[[ INPUT RECORDS open ]]

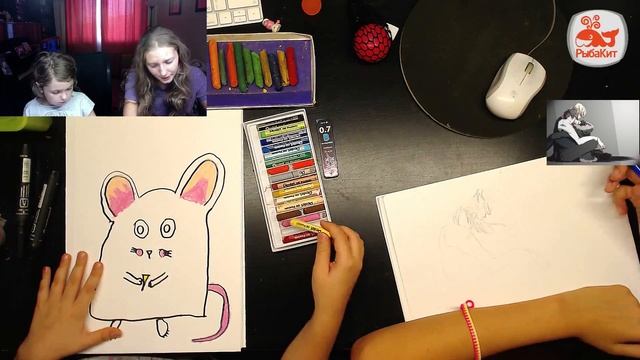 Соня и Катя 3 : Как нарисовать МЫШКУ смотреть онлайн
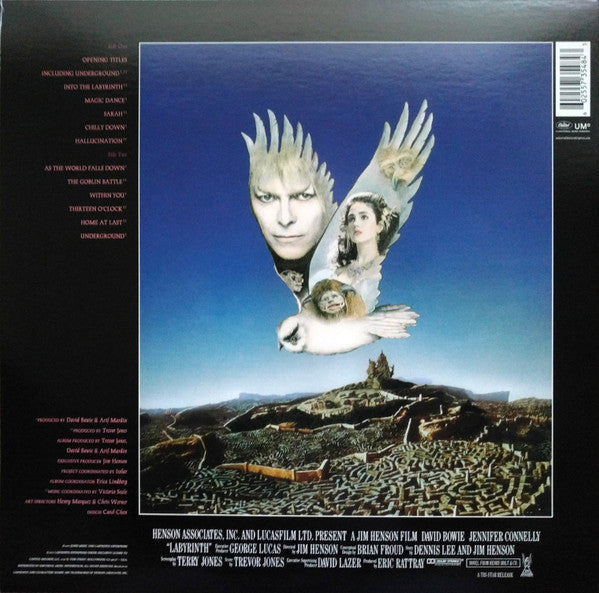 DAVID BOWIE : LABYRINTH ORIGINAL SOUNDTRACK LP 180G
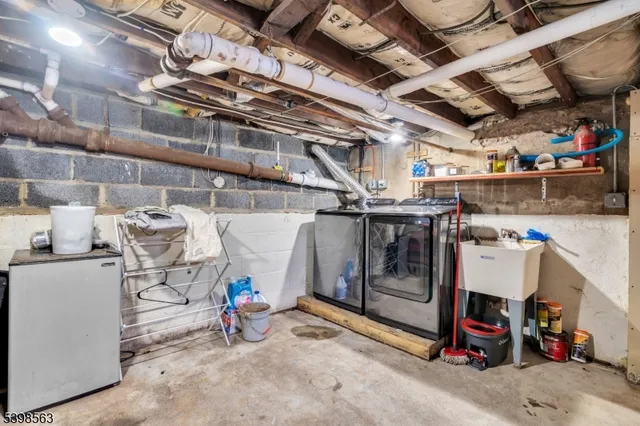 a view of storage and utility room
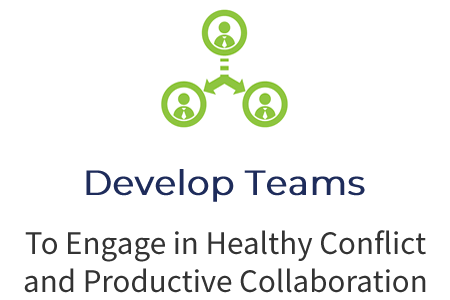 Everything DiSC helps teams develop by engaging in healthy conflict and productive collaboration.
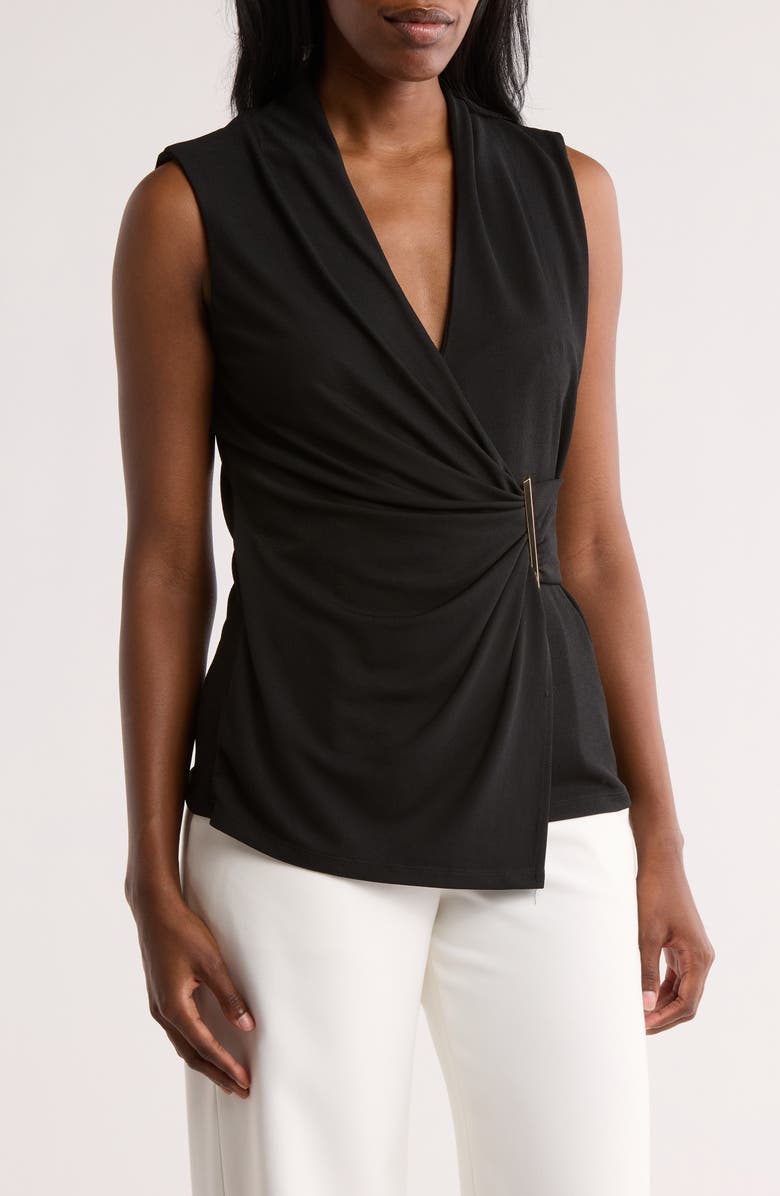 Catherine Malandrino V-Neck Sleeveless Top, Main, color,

[[ INPUT RECORDS closed ]]

- WHAT NEEDS TO BE DONE -
Set each line of the records down again exactly as it reads. Omit the pictures.

- RESULT OF THE TASK -
 Соня и Катя 3 : Как нарисовать МЫШКУ смотреть онлайн
 DAVID BOWIE : LABYRINTH ORIGINAL SOUNDTRACK LP 180G
 a view of storage and utility room
 Everything DiSC helps teams develop by engaging in healthy conflict and productive collaboration.
 Catherine Malandrino V-Neck Sleeveless Top, Main, color,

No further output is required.